Une découverte majeure au cœur de l’exposition : Marcel Bascoulard (1913-1978), auquel la collection Les Cahiers dessinés vient aussi de consacrer un important volume écrit par Patrick Martinat et très bien illustré (Bascoulard. Dessinateur virtuose, clochard magnifique, femme inventée). Une dizaine de dessins de cet homme étrange, au destin tragique – il meurt assassiné, comme son père l’avait été – sont présentés, qui s’attachent tous à montrer fidèlement et précisément, à l’encre et au lavis, avec parfois un peu de couleur passée au crayon, la ville de Bourges, ses rues, sa cathédrale et sa campagne proche, mais sans qu’aucune figure n’y paraisse jamais. Le trait de ces dessins est net, et, dirait-on, immédiat, sans hésitation, et leur composition simple, avec presque toujours un goût marqué pour des perspectives claires (on suit des yeux un chemin qui s’éloigne, ou, de profil, l’enfilade des arcs-boutants de la cathédrale… ). Il y a dans cet art une fermeté, presque une fixité, et un caractère intemporel qui d’emblée séduisent et surprennent, – et l’on se prend à penser que l’artiste y a inventé merveilleusement une sérénité, créé un  équilibre que la vie, la simple vie, ne lui avaient pas donnés.

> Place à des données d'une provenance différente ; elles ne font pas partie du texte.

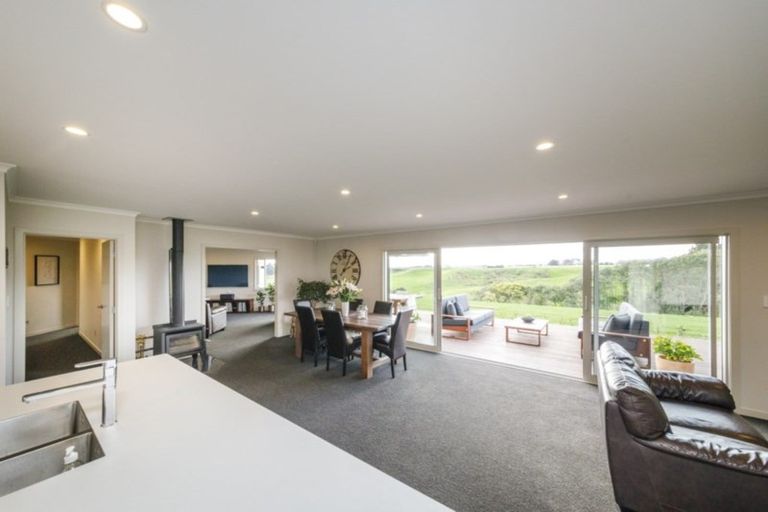 Photo of property in 132 Ngaio Road, Halcombe, Palmerston North, 4479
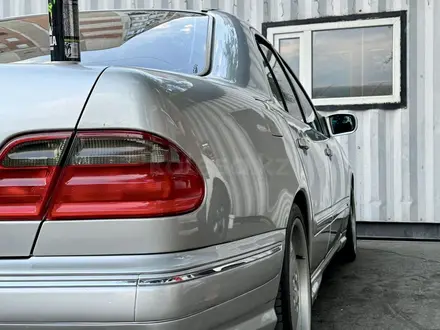 Mercedes-Benz E 320 2001 года за 6 200 000 тг. в Алматы – фото 4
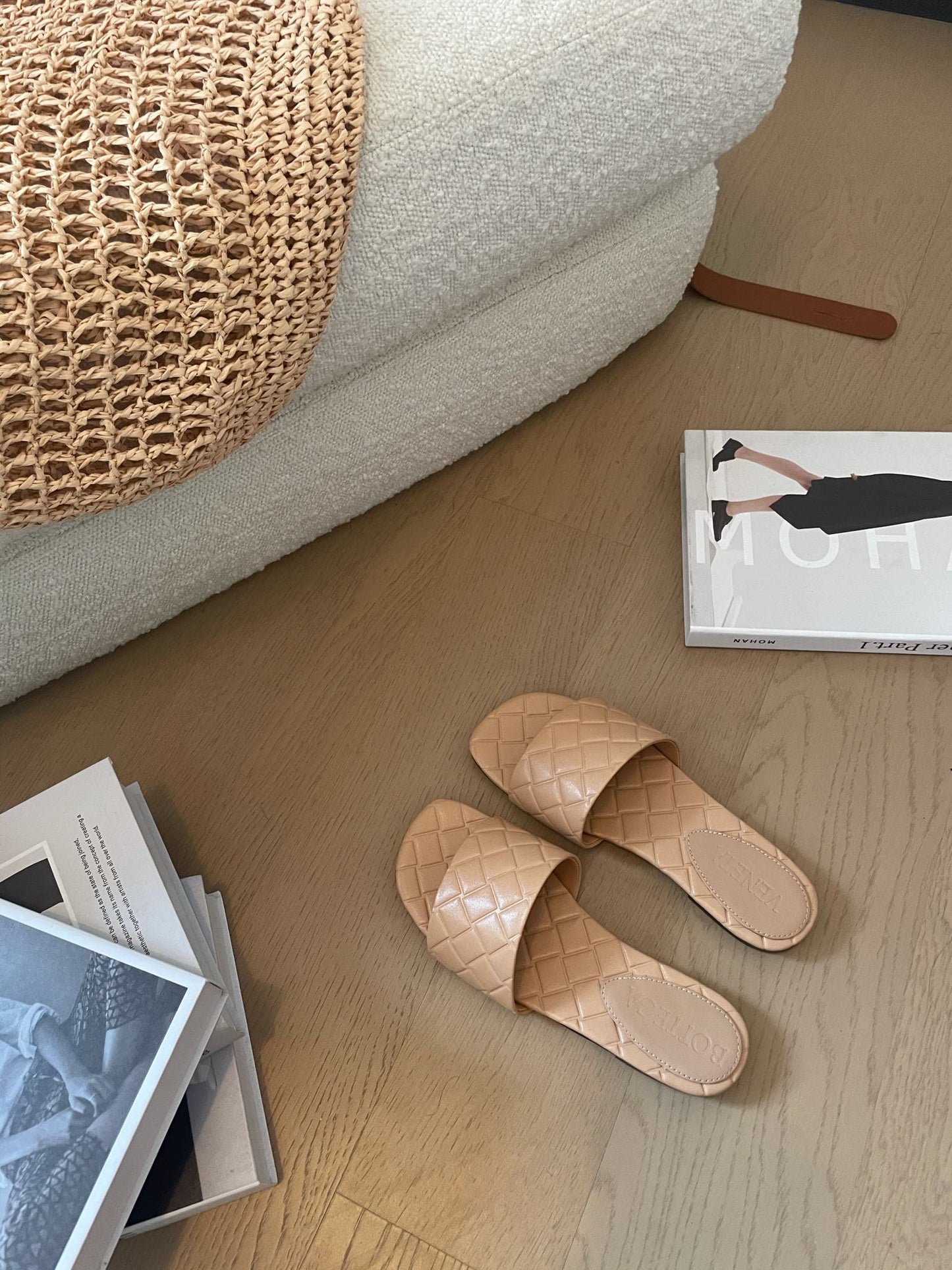 Bottega Veneta amy flat mule nude lambskin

Comme il serait évidemment impossible (ou terriblement sommaire et ennuyeux) de rendre compte des œuvres de tous les artistes de l’exposition, il faut se résoudre à n’être que subjectif et ne se fier qu’à sa mémoire, malgré la certitude d’en oublier alors qui mériteraient aussi une grande attention. Je n’évoquerai donc ici que quelques uns de ces artistes, ceux auxquels j’ai « naturellement » repensé juste après avoir quitté la Halle ou les jours suivants, et dont j’ai voulu revoir les œuvres. Mais je dois préciser que j’ai volontairement écarté les noms déjà célèbres.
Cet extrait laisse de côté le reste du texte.